SpO2% Peripheral Capillary Oxygen Saturation shows the percentage of oxygen saturation in the hemoglobin. Normal >95%
SPRS Systolic Pressure Response to Standing is the difference between the sitting systolic pressure minus the standing systolic pressure. Normal <=10 – >10 mmHg
STA Score Sympathetic Test Assessment Score assesses the sympathetic response, which could increase cardiovascular events. Sympathetic failure is an indicator of CAN. It is measures in percent from 0 to 100%.
SPRV2 Systolic Pressure Response to the Valsalva maneuver in phase 2. SPRV2 is correlated with norepinephrine response. Normal <20 – >40 mmHg
STRESS I Stress Index reflects the sympathetic system activation, which may increase the hepatic glycolysis and hepatic insulin resistance. Stress I has a sensitivity of 94.5% and specificity of 31.8% comparing diabetic patients and control group. Normal <=180%
SudoD Sudomotor Dysfunction is defined as decreased sudomotor activity. SudoD is the earliest clinically detectable sign of autonomic neuropathy in populations at high risk, such as diabetic patients.
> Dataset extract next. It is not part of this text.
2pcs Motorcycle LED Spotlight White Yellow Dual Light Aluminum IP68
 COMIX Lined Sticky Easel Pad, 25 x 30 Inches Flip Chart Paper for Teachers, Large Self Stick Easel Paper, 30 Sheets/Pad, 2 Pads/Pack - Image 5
Sympathetic Nervous System The part of the ANS that contains chiefly adrenergic fibers and tends to depress secretion, decrease the tone and contractility of smooth muscle(s), and increase heart rate.
Systolic P This refers to the pressure of the blood in the artery when the heart contracts. Normal <=140 mmHg
T
T. Power Total Power is the main indicator of the ANS activity. The TP is also used in peer reviews to de ne the total Heart Rate Variability (HRV) score. Normal >=780 ms2
V
Vals. R Valsalva Ratio identifies subsequent tachycardia / bradycardia during the Valsalva maneuver which are baroreceptor mediated. Normal >=1.18
VO2 A measure of the Volume of Oxygen used by the body.